EXERCISE:
Only one stretch of the data below is wanted: the lines starting at the one with "1933 Ford Phaeton" and ending at the one with "PS3 WWE 2K14", both included, given again exactly.

[Stored records]
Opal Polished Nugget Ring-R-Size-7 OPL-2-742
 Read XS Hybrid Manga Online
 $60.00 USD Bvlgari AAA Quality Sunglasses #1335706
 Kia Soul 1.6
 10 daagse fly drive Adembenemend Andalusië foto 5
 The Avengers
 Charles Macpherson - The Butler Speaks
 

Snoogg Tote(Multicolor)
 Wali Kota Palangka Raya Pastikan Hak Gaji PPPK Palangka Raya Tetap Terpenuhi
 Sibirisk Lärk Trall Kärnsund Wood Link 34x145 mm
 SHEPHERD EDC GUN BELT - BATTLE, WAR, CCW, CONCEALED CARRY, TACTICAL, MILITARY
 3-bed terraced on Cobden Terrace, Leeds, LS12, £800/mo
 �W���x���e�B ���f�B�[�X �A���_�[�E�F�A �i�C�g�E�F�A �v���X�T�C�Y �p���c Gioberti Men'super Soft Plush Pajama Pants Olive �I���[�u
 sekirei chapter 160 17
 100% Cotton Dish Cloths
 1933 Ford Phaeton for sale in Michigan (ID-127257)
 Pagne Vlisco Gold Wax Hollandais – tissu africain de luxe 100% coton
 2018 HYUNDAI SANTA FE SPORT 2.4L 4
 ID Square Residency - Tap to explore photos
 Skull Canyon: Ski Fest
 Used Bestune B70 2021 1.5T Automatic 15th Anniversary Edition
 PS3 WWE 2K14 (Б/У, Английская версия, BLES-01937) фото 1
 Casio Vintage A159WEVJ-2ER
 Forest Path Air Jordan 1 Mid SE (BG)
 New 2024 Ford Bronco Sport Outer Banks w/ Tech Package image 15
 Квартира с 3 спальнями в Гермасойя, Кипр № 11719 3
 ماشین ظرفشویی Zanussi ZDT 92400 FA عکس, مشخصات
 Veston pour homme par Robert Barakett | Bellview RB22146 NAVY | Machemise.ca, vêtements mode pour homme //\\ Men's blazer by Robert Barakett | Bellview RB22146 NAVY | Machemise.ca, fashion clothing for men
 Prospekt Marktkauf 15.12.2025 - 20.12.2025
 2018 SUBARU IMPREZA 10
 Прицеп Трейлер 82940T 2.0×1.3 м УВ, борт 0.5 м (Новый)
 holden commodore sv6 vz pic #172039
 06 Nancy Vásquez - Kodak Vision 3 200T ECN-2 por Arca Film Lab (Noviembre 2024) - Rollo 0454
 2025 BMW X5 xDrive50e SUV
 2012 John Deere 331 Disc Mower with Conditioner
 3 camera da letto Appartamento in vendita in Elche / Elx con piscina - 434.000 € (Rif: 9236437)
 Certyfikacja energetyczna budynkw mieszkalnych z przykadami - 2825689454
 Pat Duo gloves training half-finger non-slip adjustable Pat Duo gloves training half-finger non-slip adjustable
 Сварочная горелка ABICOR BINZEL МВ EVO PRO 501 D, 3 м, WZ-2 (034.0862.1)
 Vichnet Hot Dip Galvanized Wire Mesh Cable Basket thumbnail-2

EXERCISE ANSWER:
 1933 Ford Phaeton for sale in Michigan (ID-127257)
 Pagne Vlisco Gold Wax Hollandais – tissu africain de luxe 100% coton
 2018 HYUNDAI SANTA FE SPORT 2.4L 4
 ID Square Residency - Tap to explore photos
 Skull Canyon: Ski Fest
 Used Bestune B70 2021 1.5T Automatic 15th Anniversary Edition
 PS3 WWE 2K14 (Б/У, Английская версия, BLES-01937) фото 1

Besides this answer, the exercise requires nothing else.